COS 597D, Fall 2013 
        Questions on data distribution in noSQL papers
       
        Due at 1:30pm, Wednesday October 23, 2013.
        You may hand in a paper copy or email a file to me.
        Keep a copy for your use during class discussion.
        
      No credit for
late
    submission.
    
    
    
    
The sections of papers
    assigned for Oct. 23 discuss the distributed storage and access of
    data in Bigtable and Cassandra.  Sections of the paper
    describing the Google distributed file system (GFS) are included
    because Bigtable relies on that system to take care of some of the
    issues of distributed storage.  You should consider GFS to be
    part of Bigtable for the purpose of answering the questions
    below.   The questions below ask about the main ideas, and
    your answers should be brief.  We may wish to dig deeper in
    class
    discussion.  
    
    1.  There are many ways one might organize the distributed
    storage of data structured as rows and columns.   What design
    decisions are shared by both Bigtable and Cassandra?  
    
    2.  Bigtable uses a "master server" and "tablet servers" 

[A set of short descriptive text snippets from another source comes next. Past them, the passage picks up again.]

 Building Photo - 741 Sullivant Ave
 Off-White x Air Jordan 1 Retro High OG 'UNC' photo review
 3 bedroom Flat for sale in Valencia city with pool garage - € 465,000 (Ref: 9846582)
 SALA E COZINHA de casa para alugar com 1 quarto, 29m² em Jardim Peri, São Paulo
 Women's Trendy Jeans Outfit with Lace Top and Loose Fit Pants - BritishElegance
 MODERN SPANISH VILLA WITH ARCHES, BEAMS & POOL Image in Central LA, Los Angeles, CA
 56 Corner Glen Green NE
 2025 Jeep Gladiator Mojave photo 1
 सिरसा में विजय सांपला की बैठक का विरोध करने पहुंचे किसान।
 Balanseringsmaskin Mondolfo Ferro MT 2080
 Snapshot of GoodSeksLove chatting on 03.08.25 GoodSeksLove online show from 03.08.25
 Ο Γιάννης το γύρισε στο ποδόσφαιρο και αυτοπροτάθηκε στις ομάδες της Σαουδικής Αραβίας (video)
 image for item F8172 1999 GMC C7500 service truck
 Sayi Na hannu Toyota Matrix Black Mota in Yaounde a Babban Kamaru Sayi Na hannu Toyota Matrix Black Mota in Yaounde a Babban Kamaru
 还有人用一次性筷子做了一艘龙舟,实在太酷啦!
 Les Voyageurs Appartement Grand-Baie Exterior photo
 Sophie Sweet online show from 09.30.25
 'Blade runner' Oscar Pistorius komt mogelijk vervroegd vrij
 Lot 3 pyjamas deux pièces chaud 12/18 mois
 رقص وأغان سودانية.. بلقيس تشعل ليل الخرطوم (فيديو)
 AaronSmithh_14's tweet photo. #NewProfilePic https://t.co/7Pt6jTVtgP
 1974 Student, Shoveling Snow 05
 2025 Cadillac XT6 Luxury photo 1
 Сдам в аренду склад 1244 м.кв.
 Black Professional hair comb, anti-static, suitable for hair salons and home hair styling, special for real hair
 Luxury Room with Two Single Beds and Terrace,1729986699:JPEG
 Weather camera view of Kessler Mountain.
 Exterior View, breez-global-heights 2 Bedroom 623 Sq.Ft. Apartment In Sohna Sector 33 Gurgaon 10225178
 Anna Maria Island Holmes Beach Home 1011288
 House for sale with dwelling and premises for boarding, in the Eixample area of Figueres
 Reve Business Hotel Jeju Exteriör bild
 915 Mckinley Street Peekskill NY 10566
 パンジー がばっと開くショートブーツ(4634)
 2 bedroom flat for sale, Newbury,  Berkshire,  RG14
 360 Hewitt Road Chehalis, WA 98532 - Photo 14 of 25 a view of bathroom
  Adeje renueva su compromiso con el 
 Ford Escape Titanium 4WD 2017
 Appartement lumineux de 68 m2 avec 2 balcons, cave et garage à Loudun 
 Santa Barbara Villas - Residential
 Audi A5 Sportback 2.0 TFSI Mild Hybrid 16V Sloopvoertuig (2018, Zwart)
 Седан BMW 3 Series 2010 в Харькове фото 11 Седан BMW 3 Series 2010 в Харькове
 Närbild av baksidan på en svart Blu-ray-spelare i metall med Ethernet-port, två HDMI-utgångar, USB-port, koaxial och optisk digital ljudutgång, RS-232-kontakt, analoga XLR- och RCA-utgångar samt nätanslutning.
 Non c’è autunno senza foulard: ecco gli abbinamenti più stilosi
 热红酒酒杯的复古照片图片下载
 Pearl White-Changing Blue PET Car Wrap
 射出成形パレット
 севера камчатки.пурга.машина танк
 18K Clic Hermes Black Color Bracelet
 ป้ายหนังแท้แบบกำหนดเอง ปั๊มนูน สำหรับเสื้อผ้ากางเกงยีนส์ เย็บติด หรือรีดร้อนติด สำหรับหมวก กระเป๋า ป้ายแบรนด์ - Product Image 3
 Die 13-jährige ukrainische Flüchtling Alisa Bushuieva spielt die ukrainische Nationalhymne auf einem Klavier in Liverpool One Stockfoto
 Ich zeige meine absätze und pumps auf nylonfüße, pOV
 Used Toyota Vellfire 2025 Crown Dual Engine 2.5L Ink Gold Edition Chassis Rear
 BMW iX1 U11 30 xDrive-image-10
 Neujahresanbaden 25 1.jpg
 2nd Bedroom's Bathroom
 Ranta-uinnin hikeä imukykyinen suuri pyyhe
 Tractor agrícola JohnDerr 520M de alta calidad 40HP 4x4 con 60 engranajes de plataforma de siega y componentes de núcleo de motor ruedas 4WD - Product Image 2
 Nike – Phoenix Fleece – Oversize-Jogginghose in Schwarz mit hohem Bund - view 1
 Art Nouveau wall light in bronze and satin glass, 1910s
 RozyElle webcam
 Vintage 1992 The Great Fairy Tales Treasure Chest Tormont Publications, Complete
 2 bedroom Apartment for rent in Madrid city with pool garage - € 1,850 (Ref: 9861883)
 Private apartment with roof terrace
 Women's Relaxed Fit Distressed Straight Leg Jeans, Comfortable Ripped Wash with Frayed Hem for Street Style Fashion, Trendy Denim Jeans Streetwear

    to manage the reading and writing of data;  Cassandra does not
    have a distinguished master node.   What are the pros and cons
    of each architecture?
    
    3.  How is replication handled in each of Bigtable and
    Cassandra?
    
    4.  What are the main steps in reading and writing data in
    Bigtable?
    
    5. What are the main steps in reading and writing data in Cassandra?